- _Work required_:
Start at the first line of the listing below. Write out each line exactly, stopping after the one that contains "A wizard guides".

- _Recorded data_:
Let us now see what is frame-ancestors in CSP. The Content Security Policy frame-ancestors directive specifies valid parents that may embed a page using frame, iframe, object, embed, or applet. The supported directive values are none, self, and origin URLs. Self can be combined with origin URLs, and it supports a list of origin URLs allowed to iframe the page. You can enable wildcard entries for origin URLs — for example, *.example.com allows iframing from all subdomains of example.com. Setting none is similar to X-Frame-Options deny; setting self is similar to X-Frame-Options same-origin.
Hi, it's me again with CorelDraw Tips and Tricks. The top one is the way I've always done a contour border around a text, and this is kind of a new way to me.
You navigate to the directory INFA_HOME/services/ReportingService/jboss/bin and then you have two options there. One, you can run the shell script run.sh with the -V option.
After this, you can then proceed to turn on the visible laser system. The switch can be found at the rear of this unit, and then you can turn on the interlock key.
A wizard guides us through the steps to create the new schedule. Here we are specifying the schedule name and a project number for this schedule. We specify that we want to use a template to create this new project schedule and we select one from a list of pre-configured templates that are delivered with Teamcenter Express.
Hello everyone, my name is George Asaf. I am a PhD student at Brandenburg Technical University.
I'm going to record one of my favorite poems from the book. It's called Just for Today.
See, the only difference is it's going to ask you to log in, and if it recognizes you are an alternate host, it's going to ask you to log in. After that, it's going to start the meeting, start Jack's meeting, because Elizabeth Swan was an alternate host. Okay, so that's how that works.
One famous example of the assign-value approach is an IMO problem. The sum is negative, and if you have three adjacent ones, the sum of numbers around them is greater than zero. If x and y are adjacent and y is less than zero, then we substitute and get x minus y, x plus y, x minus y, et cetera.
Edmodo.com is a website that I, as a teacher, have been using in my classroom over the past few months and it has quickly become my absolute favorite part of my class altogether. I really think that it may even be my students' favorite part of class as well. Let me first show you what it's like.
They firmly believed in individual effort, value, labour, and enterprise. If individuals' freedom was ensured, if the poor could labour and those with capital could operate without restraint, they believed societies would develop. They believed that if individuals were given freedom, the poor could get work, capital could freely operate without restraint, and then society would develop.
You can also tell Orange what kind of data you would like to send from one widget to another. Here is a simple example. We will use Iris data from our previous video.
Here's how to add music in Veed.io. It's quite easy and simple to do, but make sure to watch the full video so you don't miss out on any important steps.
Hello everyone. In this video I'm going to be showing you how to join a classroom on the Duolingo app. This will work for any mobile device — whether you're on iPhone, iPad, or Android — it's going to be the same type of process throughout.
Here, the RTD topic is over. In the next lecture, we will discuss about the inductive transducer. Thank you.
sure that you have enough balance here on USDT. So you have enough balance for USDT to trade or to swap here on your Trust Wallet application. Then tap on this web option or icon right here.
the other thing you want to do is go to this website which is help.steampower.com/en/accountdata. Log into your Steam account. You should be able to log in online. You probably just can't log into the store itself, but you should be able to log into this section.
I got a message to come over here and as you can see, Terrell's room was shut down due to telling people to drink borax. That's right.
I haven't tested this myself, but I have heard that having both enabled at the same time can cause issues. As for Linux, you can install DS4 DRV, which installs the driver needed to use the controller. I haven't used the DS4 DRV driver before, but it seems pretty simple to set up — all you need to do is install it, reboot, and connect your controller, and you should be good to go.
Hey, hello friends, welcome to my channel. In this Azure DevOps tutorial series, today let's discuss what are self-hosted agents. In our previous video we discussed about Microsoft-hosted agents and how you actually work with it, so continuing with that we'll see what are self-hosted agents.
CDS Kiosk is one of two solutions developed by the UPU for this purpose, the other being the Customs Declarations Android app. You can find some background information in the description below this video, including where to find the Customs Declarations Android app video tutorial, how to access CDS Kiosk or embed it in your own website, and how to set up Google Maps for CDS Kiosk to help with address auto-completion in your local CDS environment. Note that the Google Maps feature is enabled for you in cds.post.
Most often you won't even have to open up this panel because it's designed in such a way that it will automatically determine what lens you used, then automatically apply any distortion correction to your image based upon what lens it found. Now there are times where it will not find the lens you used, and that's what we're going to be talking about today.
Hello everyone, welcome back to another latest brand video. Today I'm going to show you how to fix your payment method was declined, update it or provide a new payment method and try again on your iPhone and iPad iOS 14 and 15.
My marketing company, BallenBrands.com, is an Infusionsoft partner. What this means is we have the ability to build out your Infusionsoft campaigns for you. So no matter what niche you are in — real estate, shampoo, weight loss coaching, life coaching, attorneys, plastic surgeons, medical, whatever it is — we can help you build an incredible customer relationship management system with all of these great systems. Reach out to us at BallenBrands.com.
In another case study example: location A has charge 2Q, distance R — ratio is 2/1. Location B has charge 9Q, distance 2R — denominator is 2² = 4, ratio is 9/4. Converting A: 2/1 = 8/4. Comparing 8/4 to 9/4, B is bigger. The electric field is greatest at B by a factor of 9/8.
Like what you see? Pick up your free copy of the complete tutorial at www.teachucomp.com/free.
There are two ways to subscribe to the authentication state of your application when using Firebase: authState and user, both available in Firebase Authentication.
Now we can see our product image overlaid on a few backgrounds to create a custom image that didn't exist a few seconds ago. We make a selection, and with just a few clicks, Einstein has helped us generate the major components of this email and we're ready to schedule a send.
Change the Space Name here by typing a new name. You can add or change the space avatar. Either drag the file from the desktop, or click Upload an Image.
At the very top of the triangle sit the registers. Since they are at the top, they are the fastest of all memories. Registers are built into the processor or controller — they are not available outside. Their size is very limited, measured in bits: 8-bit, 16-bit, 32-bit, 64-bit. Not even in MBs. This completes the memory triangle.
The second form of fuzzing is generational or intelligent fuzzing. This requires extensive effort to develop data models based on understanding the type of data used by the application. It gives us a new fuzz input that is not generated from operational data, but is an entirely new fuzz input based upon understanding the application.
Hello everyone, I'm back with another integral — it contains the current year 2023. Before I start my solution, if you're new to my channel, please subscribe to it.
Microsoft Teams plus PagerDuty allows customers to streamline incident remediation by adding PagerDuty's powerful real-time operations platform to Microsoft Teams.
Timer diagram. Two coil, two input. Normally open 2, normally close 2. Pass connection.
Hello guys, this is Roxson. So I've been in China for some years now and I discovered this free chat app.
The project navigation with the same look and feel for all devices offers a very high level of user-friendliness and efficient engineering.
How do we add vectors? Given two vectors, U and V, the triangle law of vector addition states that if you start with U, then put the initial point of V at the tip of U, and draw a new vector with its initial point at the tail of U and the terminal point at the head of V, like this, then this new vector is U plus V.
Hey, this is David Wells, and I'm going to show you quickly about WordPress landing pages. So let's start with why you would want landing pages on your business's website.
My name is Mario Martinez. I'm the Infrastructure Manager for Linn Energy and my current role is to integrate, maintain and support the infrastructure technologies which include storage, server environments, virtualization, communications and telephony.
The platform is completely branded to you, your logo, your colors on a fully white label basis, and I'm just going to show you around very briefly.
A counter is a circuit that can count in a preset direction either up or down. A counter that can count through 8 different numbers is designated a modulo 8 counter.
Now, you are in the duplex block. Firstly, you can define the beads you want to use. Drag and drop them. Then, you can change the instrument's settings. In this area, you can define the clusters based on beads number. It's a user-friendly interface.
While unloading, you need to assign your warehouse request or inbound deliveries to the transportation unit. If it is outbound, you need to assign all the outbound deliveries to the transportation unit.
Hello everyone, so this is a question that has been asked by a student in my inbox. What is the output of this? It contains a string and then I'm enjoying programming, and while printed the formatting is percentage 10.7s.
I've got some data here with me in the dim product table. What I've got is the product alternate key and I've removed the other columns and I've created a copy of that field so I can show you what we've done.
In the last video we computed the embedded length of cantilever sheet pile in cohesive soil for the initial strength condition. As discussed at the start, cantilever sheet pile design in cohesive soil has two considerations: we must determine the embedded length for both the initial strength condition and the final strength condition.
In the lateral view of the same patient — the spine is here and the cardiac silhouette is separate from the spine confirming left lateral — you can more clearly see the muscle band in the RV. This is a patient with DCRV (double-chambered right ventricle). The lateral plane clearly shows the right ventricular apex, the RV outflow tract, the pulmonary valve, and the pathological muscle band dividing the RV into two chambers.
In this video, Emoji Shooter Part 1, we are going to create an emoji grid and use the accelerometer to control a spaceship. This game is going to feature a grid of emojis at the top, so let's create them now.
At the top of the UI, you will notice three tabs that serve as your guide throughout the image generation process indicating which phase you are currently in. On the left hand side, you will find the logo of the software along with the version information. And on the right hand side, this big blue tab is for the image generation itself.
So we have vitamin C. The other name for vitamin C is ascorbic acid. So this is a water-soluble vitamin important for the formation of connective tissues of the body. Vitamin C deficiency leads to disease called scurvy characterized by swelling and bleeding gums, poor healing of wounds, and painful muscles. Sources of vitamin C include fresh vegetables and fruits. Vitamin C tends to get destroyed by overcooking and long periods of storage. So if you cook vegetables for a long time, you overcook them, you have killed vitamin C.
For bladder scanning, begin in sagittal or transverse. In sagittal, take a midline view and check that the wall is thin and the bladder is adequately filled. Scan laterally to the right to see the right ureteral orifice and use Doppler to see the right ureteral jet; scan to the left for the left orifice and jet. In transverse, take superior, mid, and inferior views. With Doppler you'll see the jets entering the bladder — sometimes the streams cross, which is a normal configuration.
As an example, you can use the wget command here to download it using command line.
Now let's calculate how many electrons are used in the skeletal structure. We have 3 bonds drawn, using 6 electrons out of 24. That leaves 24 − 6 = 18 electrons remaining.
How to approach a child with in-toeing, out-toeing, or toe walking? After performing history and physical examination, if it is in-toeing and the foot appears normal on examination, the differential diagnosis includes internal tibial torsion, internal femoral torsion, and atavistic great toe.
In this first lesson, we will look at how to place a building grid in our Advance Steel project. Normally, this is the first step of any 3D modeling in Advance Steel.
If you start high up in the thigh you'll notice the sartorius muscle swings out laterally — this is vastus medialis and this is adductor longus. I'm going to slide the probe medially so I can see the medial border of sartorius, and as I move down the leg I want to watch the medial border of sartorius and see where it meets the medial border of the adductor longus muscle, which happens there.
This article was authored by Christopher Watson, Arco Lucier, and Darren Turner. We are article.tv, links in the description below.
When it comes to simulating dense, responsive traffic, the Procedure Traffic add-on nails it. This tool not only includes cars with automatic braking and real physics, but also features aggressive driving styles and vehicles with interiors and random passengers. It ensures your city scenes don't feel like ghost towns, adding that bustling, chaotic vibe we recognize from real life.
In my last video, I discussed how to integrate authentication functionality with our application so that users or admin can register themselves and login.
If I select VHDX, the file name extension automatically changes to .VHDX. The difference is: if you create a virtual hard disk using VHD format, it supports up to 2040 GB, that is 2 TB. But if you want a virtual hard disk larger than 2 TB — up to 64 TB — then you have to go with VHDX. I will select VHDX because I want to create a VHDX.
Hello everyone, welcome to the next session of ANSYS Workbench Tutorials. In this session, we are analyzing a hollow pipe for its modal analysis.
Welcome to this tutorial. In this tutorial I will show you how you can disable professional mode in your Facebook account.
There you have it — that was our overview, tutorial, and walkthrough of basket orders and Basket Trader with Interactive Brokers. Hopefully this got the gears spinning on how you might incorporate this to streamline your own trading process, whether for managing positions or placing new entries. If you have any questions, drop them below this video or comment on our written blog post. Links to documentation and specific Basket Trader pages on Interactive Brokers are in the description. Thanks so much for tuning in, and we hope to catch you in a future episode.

- _Worked solution_:
Let us now see what is frame-ancestors in CSP. The Content Security Policy frame-ancestors directive specifies valid parents that may embed a page using frame, iframe, object, embed, or applet. The supported directive values are none, self, and origin URLs. Self can be combined with origin URLs, and it supports a list of origin URLs allowed to iframe the page. You can enable wildcard entries for origin URLs — for example, *.example.com allows iframing from all subdomains of example.com. Setting none is similar to X-Frame-Options deny; setting self is similar to X-Frame-Options same-origin.
Hi, it's me again with CorelDraw Tips and Tricks. The top one is the way I've always done a contour border around a text, and this is kind of a new way to me.
You navigate to the directory INFA_HOME/services/ReportingService/jboss/bin and then you have two options there. One, you can run the shell script run.sh with the -V option.
After this, you can then proceed to turn on the visible laser system. The switch can be found at the rear of this unit, and then you can turn on the interlock key.
A wizard guides us through the steps to create the new schedule. Here we are specifying the schedule name and a project number for this schedule. We specify that we want to use a template to create this new project schedule and we select one from a list of pre-configured templates that are delivered with Teamcenter Express.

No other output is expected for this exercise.